[vol.20]
8月15日(日)倶知安〜二股温泉〜函館〜青森

倶知安はとても北海道らしい町だ。例によって碁盤の目の道路で整備され、あまり大きな店はなく飲み屋街はひとつの路地にまとまっている。夜は街灯で全体がほどよく明るく暗闇はない。それほど活気があるわけではないがそこそこ安定した生活の落ち着きを感じる。

バス停のくぼみを利用してヒッチをはじめる。20分ほどで函館までいくバンがとまってくれた。結局これが北海道で最後のヒッチになった。すぐに蝦夷富士として知られる羊蹄山が姿をみせた。山頂には雲がかかっていたが、りっぱな山だ。国立公園になるだけのことはある。

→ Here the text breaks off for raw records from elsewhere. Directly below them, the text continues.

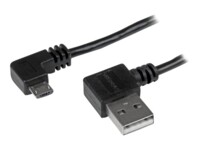 StarTech.com 1m 3 ft Micro-USB Cable with Right-Angled Connectors - M/M - USB A to Micro B Cable - 3ft Right Angle Micro USB Cable (USB2AUB2RA1M) USB-kabel 1m Sort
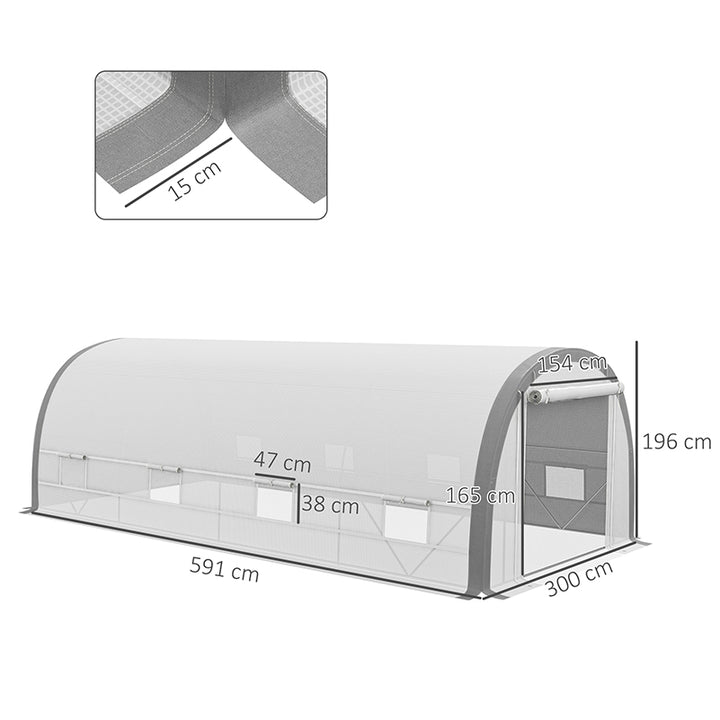 Polytunnel Greenhouse w/ Upgraded Structure, 15 Plant Labels-White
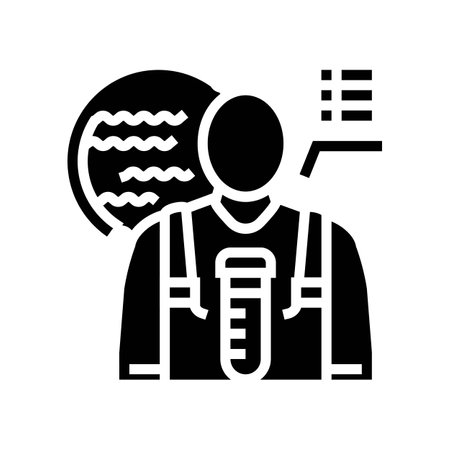 hydrologist worker glyph icon vector illustrationのイラスト素材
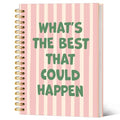 Cute Journal for Girls，Pink Spiral Notebook A5 Hardcover， - color: Happy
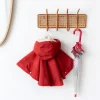 Poncho chaud de voyage imperméable carmin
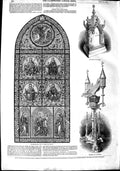 Original Old Antique Print 1851 Stained Glass Window Monument Lectern Cathedral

倶知安から函館への5号線は片側1車線の道で路肩は狭い。まっすぐの所はあまりなく、本州の山間部の国道と雰囲気は同じだ。一級国道として初期に開かれた道路なのでまだ北海道らしいコンセプトが十分できあがっていなかったのかもしれない。現在、札幌と函館間はあまりこの国道を利用しなくなっている。道沿いに走る函館本線も各駅停車の直通列車は廃止され、電化されていない区間もある。

折角だからといって、長万部の手前で国道を10Kほどはずれ二股ラジウム温泉に寄り道してくれた。手持ちの地図にもでていないのでたいした期待もしていなっかったが予想に反してとてもすばらしい温泉だった。

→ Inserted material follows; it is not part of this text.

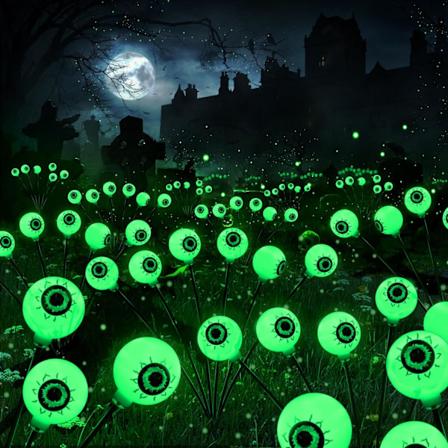 Solcelled Halloween-lys, 2 pakker i alt 12 LED grønne Halloween øjenlys, 2 tilstande, svingende ildflugt Halloween stilys, græsplænedekoration 12 LEDs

10m以上はあるだろうか。硫黄のドームがそびえ、その横に露天風呂とドーム型のつくりの温泉がある。湯船自体は硫黄をくり貫いて造ってあり、タイルや板などはつかっていない。湯治場として泊れるようになっているが規模はあまり大きくなくまさに秘湯そのものだった。学術的にもめずらしいそうだ。

いくつか名所を過ぎたが、もう十分北海道を堪能していたのでそれほどの感激は起こらなくなっていた。函館に着いても有名な朝市マーケットでハラミの定食をたべたくらいですぐにフェリー乗り場に来てしまった。函館に一泊するつもりだったがとどまる気分がしなかった。フェリーは盆明けで混んでいたが車ではないのですぐ乗れた。今夜遅くには青森に着く。さらば北海道。